And, when you bring a bill to the floor, especially a tax bill, there is a lot of opportunity for mischief on both sides. There could be amendments that folks will have to take tough votes on. There could be an opportunity to add stuff that senators have been trying to move. And it’s important to remember, that because of our constitution, the Senate cannot just pass a tax bill. They have to take a tax bill passed by the House. And so what happens, when you have the only tax bill that’s been passed by the House, is there are lots of senators who say, “I have no problem with that bill, but I have six other things that I’ve been waiting for to get done.” And so, Mitch McConnell at this point has said, “Look, let’s try to get unanimous consent. Let’s work on that process and if we can clear some of these concerns so that everyone’s on board, then we can do it easily without that mischief.”
Drew Carrington: And with respect to the holds, as we know, at least part of the objections have to do with a provision that’s, in many ways, unrelated to retirement. The original version of SECURE which passed out of House Ways and Means included a provision to allow the use of 529 plan assets to pay for homeschooling expenses.

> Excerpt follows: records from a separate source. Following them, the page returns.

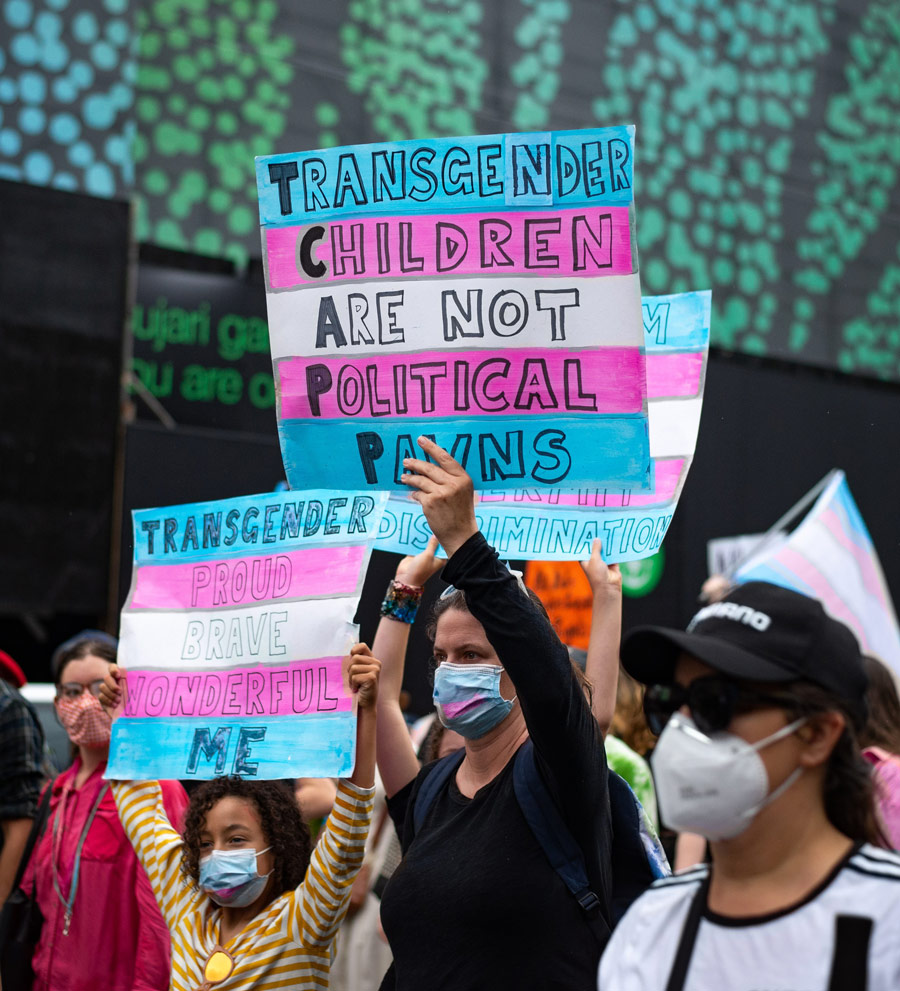 Montana: Leggi anti-trans negli U.S.A.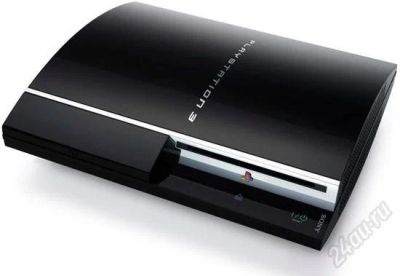 Лот: 3899767. Фото: 1. PlayStation 3. Игровые приставки, консоли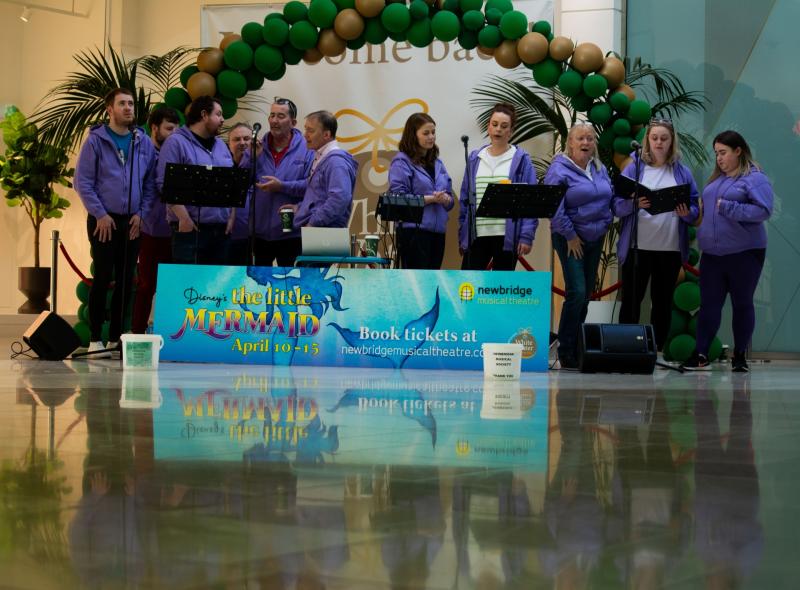 Whitewater backs Newbridge Musical Theatre's production of The Little Mermaid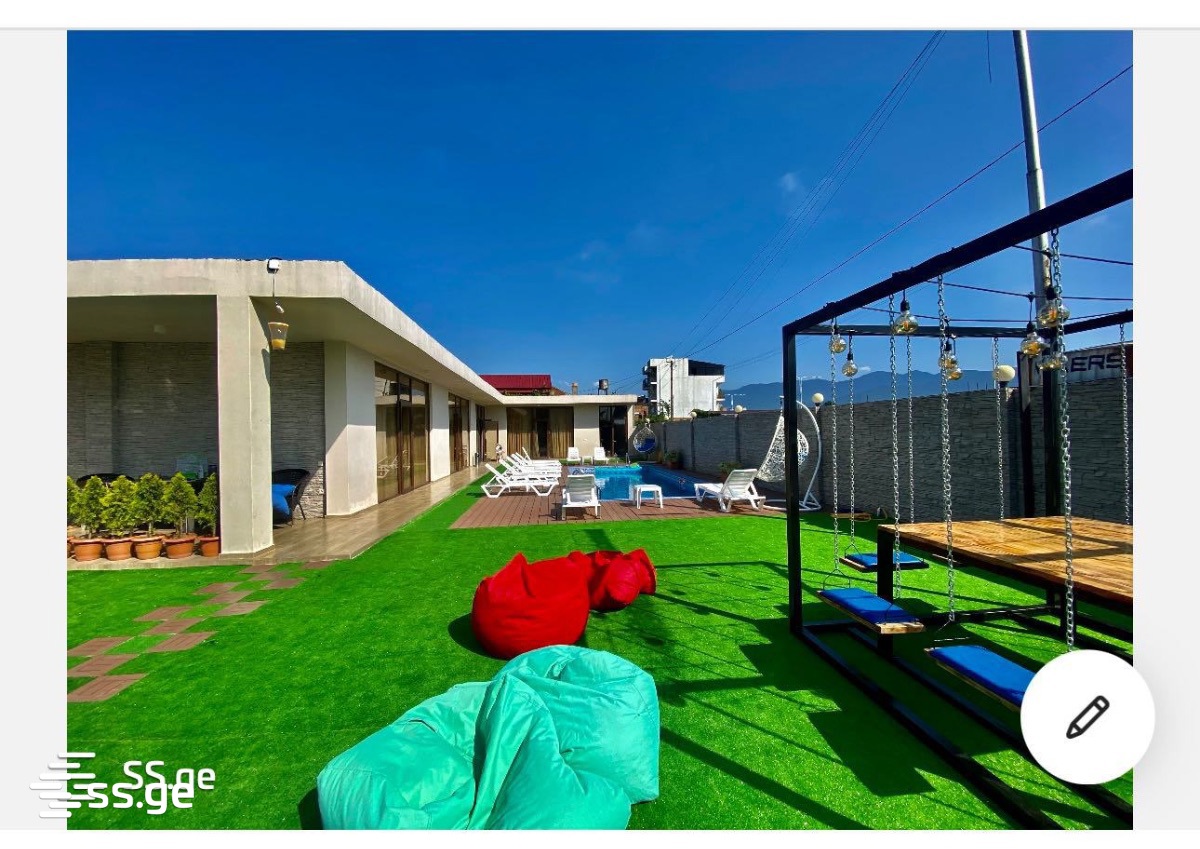 9 Room Summer Cottage For Sale view 1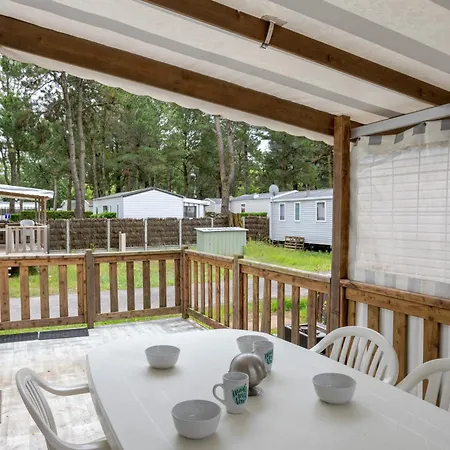 Mobil-home 2 - B Kemping Saint-Jean-de-Monts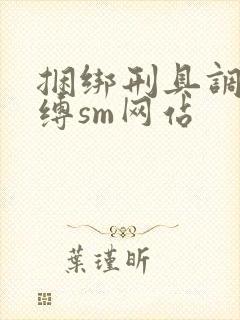 捆绑刑具调教束缚sm网站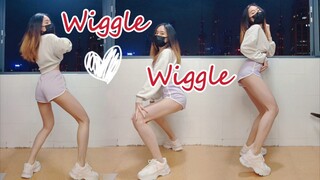 Vertical screen shooting | The original version you want is here!! HelloVenus【Wiggle Wiggle】Flip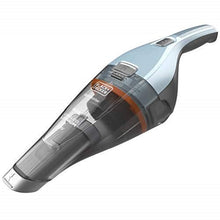Carica l&#39;immagine nel visualizzatore di Gallery, BLACK+DECKER NVC215W NVC215W-QW, Aspirabriciole 10.8 W/H, 7.2 V, Azzurro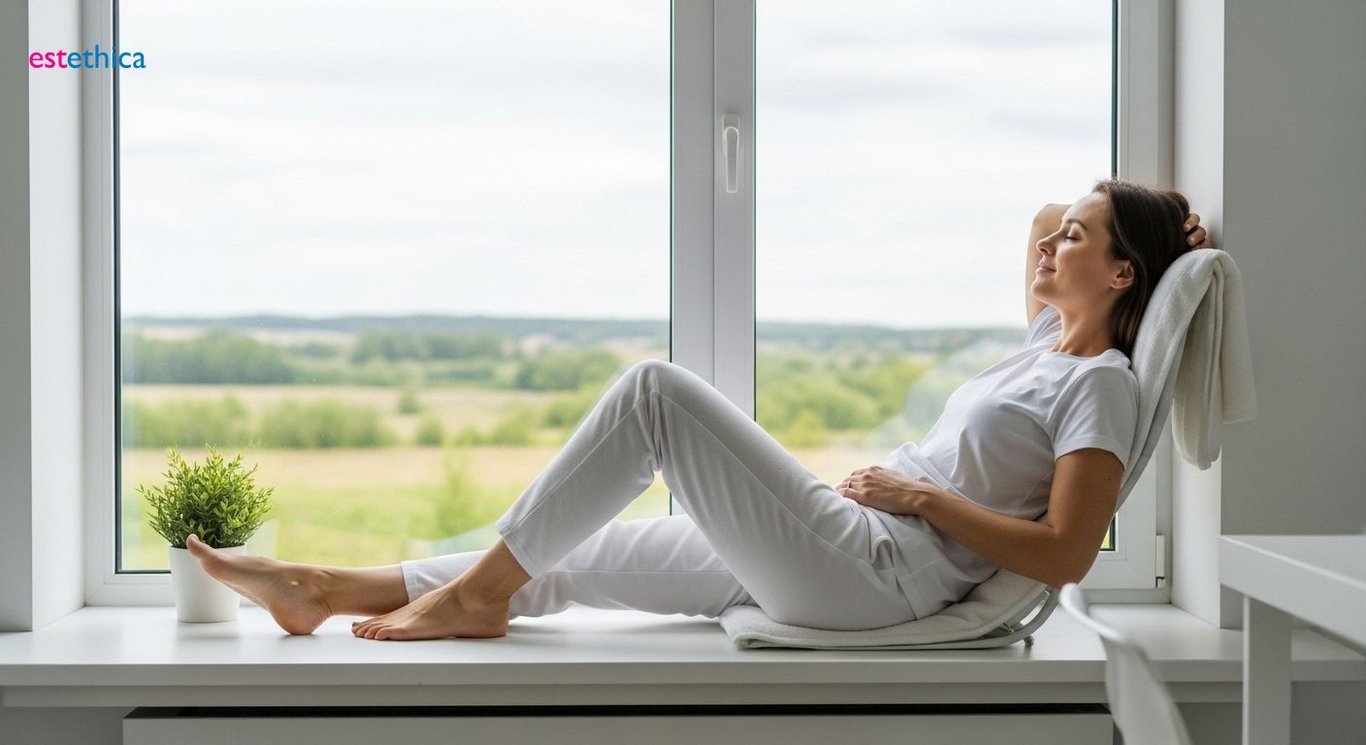 Muscle repair and abdominal contouring benefits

And so that passed out of committee, and then was taken out of the bill before it went to the House floor. That may be a factor which I suppose for those of us in the retirement industry is yet another frustration that something that doesn’t have anything to do with retirement would potentially derail the passage of a long awaited retirement bill that includes a number of provisions that no one really disagrees with.
Michael Hadley: And I think everything that I talked about earlier, I think all those are widely supported. I don’t know what the holds are, but I don’t think any of them were objections to the stuff that we talked about. The retirement provisions have been discussed for a long time, got a unanimous vote in the Senate Finance Committee a couple of years ago. It may also be that some of the objection is just the process, that there’s not been a process in the Senate to move the SECURE Act through committee in its current form. So, that could be part of what’s slowing things down. I think it’s possible these holds get cleared and we could see the bill pass, probably not this week, but it could happen any day. It could also linger for a long time. That’s certainly a possibility here. I do think that the provisions that we’ve talked about are going to pass at some point at some time. But the process going forward is not a 100% clear.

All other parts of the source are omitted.